**Exercise requirements:** Using the records below, write out only the lines from the line containing "Tavolino a bandelle, sec." up to and including the line containing "Стеклоподъемник Audi Q7", exactly, with no pictures.

**Given records:**
____

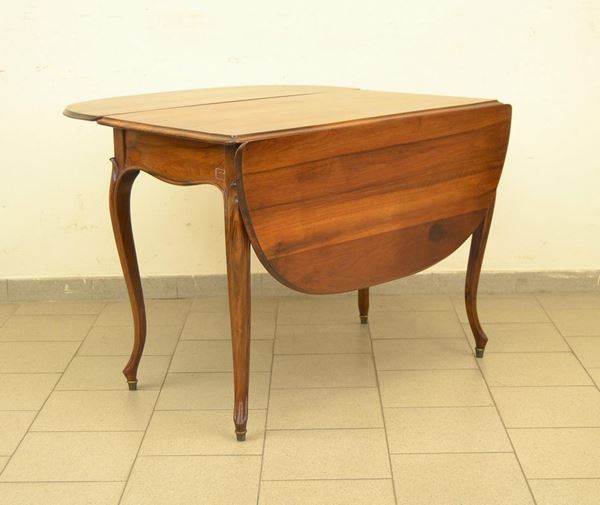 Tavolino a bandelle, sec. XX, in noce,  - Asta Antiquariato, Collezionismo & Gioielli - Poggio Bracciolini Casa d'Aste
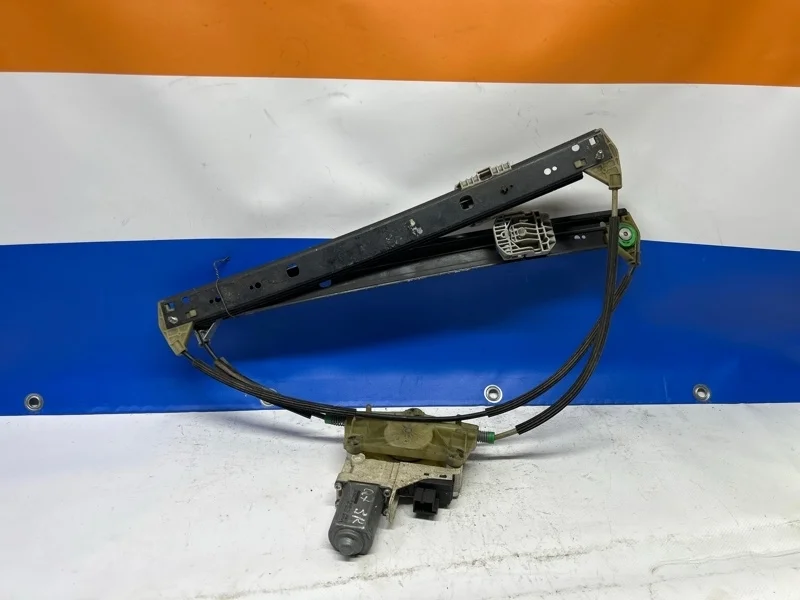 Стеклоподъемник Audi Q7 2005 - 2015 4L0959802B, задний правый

____

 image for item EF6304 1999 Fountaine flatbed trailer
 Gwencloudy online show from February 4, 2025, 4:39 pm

____

**Exercise output:**
 Tavolino a bandelle, sec. XX, in noce,  - Asta Antiquariato, Collezionismo & Gioielli - Poggio Bracciolini Casa d'Aste
 Стеклоподъемник Audi Q7 2005 - 2015 4L0959802B, задний правый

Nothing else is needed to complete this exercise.